**REQUIREMENT:** Exact copy, no pictures: repeat the data that follows.

**EXERCISE DATA:**
Segment Open
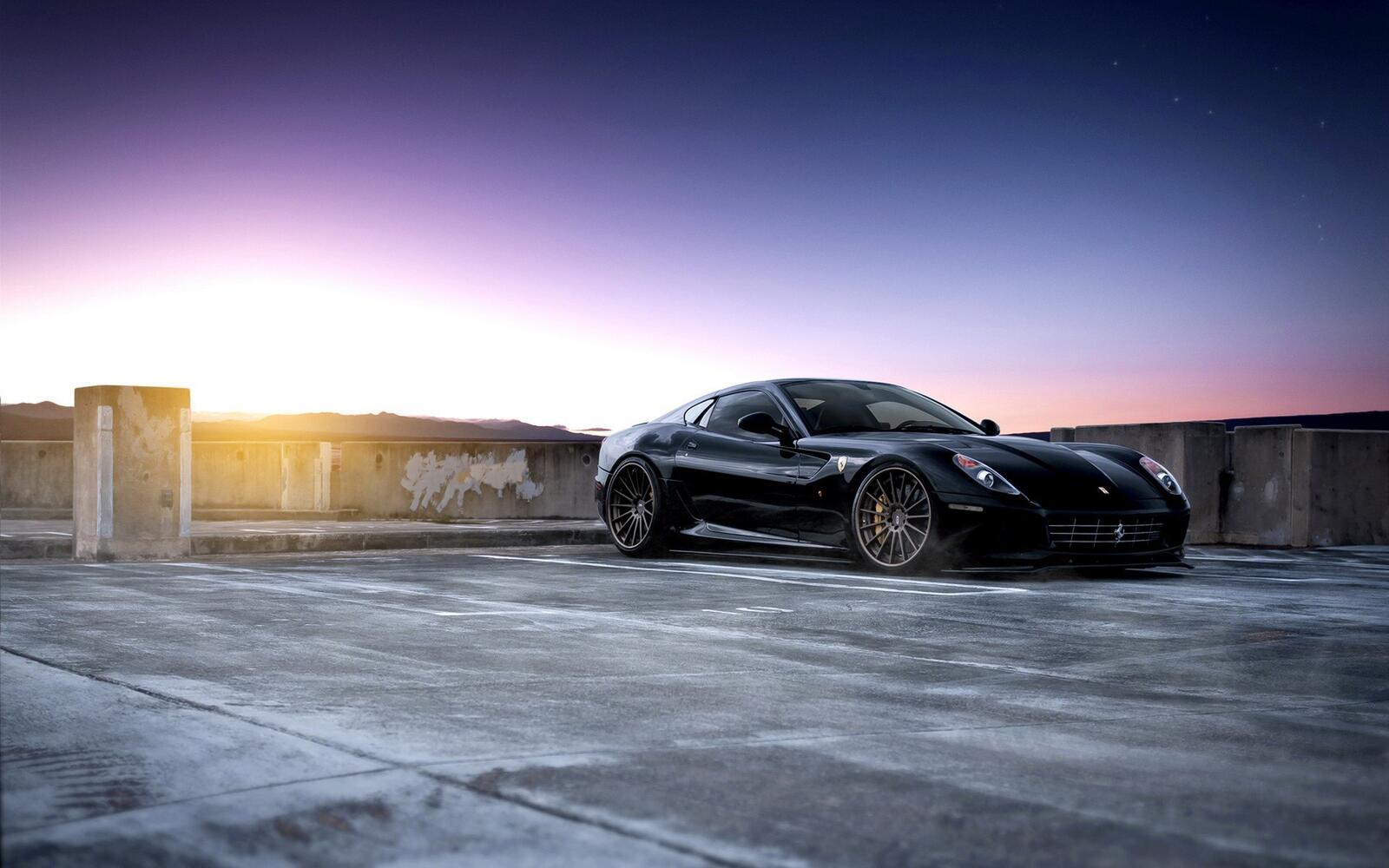 免费照片黑色法拉利 599 跑车，轮毂采用酷炫的辐条式设计。
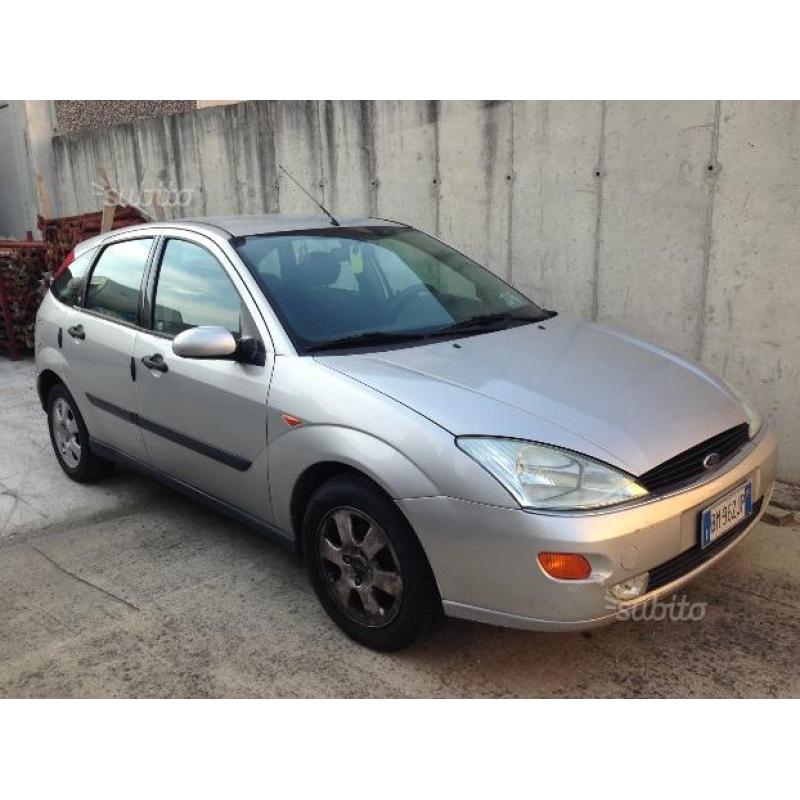 FORD Focus 1ª serie - 2000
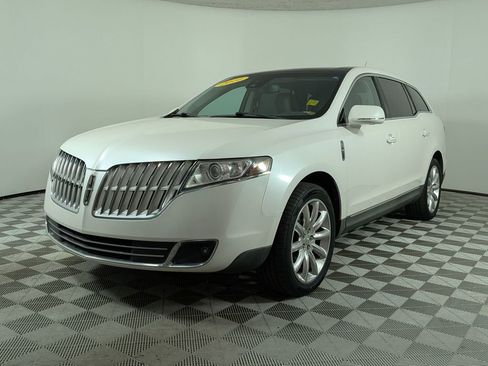 Used 2010 Lincoln MKT 2WD image 7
Segment Closed
**ANSWER TO THE PROBLEM:**
 免费照片黑色法拉利 599 跑车，轮毂采用酷炫的辐条式设计。
 FORD Focus 1ª serie - 2000
 Used 2010 Lincoln MKT 2WD image 7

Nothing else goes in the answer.